* **Work to be completed**
Lines before the one containing "Nevean Caftain In" are not copied; that line and every one after it, through the end of the material below, are printed exactly, without pictures.

#####

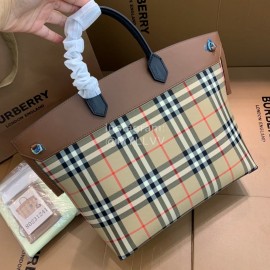 Burberry Waterproof Plaid Leather Handbag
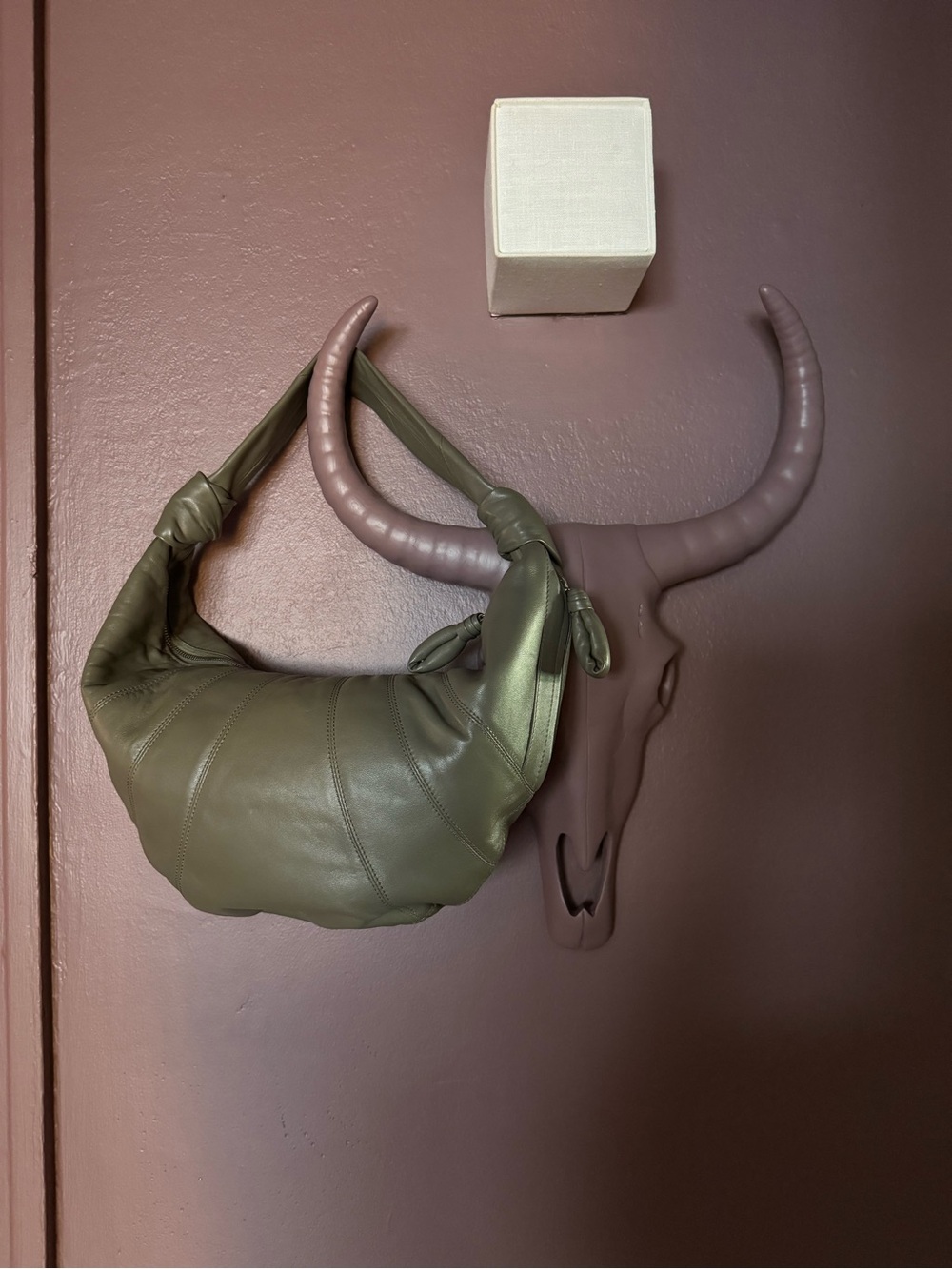 Lemaire Fortune Croissant Bag in Dark Sage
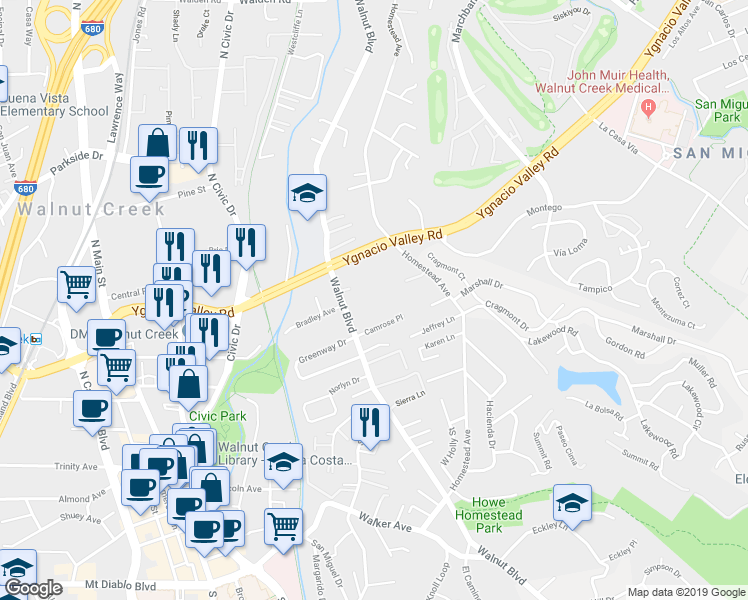 map of restaurants, bars, coffee shops, grocery stores, and more near 2570 Walnut Boulevard in Walnut Creek
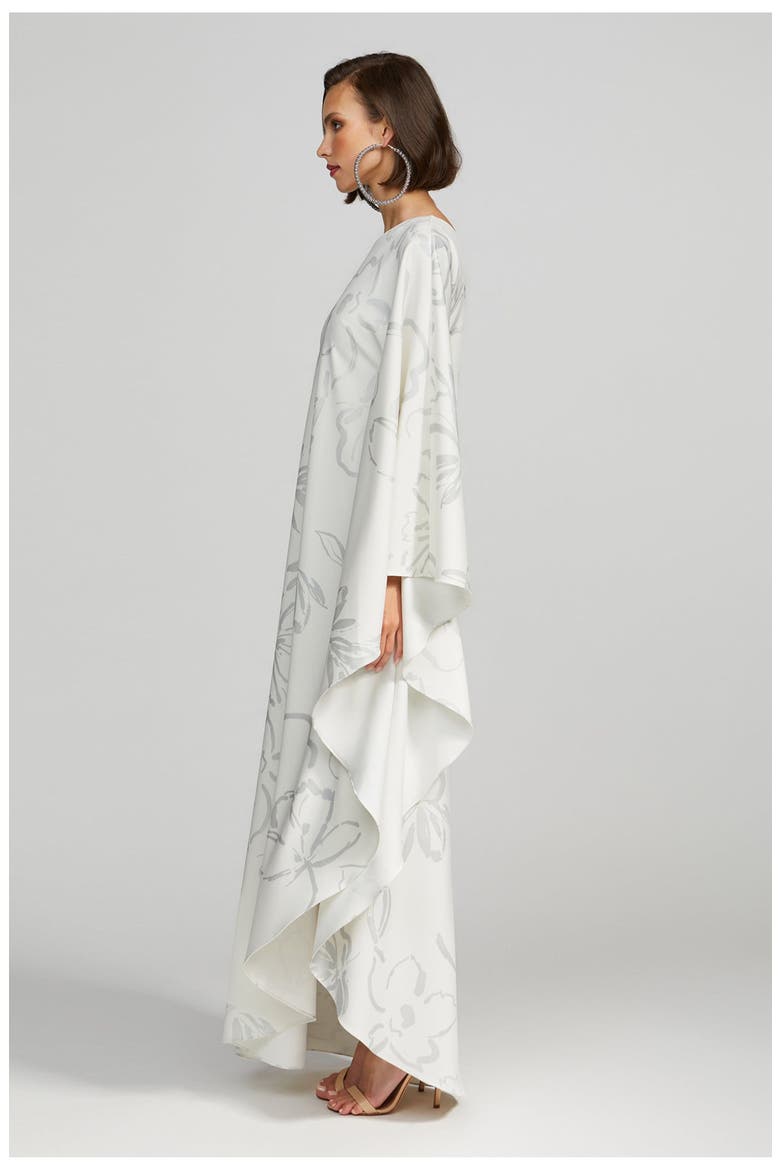 Nevean Caftain In Foil Crepe, Alternate, color, Inked Floral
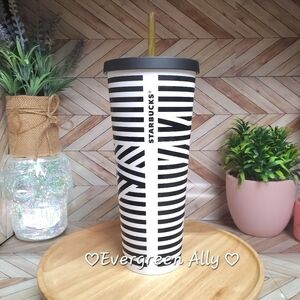 🤍🖤 STARBUCKS Black White ZEBRA STRIPE VENTI Cold Cup Tumbler Rare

#####

* **Reply to the exercise**
 Nevean Caftain In Foil Crepe, Alternate, color, Inked Floral
 🤍🖤 STARBUCKS Black White ZEBRA STRIPE VENTI Cold Cup Tumbler Rare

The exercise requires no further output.